Caloric total response -- a normal young person has roughly 100 deg/sec of total response. This corresponds roughly to 100% vestibular function. Here the term "function" is an important one, as this presumably reflects the combination of hair cells, nerve, and central plasticity all casaded. One might lose one ear, dropping one's total response from 100 to 50, and then have a compensatory process proceed that raises the response on the remaining ear to 75. Thus the caloric total response might reasonably underestimate peripheral vestibular damage. From a systems perspective, this is oversimplified. Caloric responses probably are mainly a measure of the low-frequency vestibular response. We don't understand entirely the mapping between total caloric responses, and vestibular loss as quantified by the product of [hair cell][vestibular nerve]. This could be worked out by simply comparing total responses in patients with well documented unilateral loss, such as due to tumors or severe vestibular neuritis.
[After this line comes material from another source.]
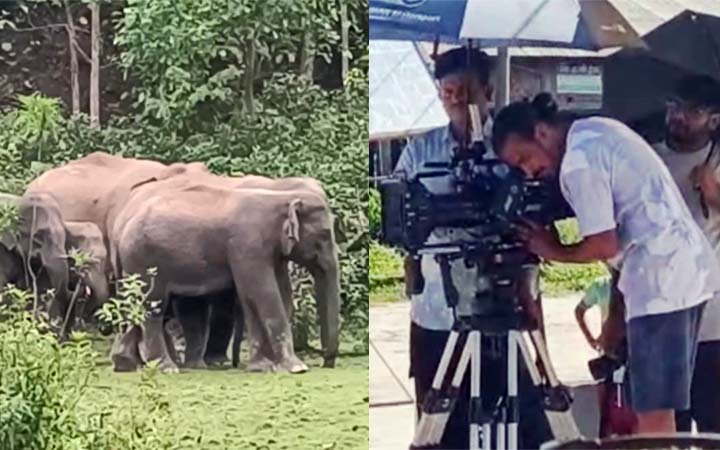 শেরপুরের গারো পাহাড়ে সিনেমার শুটিং, হাতি চলাচলে বিঘ্ন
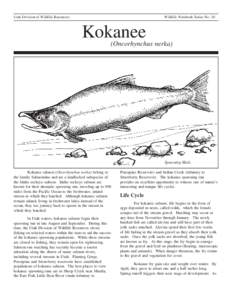 Utah Division of Wildlife Resources  Wildlife Notebook Series No. 10 Kokanee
The VHIT test is not a good way to estimate residual vestibular function, because it is confounded by compensation. You should just not even try. The VHIT only measures high frequency gain, which is ferociously defended by compensatory processes. One can lose half of one's vestibular function, and the VHIT may be unaffected.


As the normal central vestibular system has an ability to partially compensate for about 50% loss, by the age of 80, a very rough guess would be that the vestibular ganglion and vestibular nucleus processes can be completely compensated for. In other words, if the vestibular nerve drops to 0.5, the central gain goes up to 2.0, making the whole process a wash. This fits well with the general observation that vestibular rotatory chair responses are largely unaffected by age.

This would leave the "healthy" 80 year old the problem of dealing with hair cell deterioration (counts are roughly 30% down by the age of 80). In other words, an entirely healthy person should start to develop functional vestibular problems (for high frequencies) a little before the age of 80. There are some logical problems -- while the system does "compensate" for high frequency gain, the low-frequency responses are lost. Thus a "compensated" person should not expect restoration of normal function. It is always better to have the original equipment.

How rapidly does it decline ? While there are many studies of hearing function, little is understood about vestibular decline. Cell counts of both nerve cells and hair cells are generally found lessened in older persons (although not everyone agrees). As neither hair cells or vestibular neurons regenerate, and both are subject to wear and tear, it seems highly likely that there is a gradual decay in vestibular function.


Impact of vestibular damage

Here is a rough mapping between the amount of vestibular loss, and expected impairments, using anchor points which are well known. This is based on the author's clinical experience. Using the more recent

% Loss symptom
0 None, normal
50-70 Borderline, mildly unsteady
70-90 mild oscillopsia, reluctant to drive in dark
90-100 Oscillopsia, sensory ataxia, moderately unsteady

Impact of gentamicin

Ones estimate of the impact of gentamicin induced reduction of vestibular input depends on how one views the impact of vestibular input on balance in general. It is well known that balance declines with age, and very rapidly from approximately 80 onward. However, is this decline due to a rapid reduction in vestibular function (in parallel with hearing), or is it due to a combination of many factors -- reduced vision, reduced somatosensation, reduced vestibular input, poorer central integration, and poorer motor output ?

In our view, while it is reasonable to suppose that other factors than vestibular function impact balance, there is quite good evidence for reduced hearing, and because of this, we think that vestibular disturbances, especially from the otoliths, are probably very important, and may dominate the process.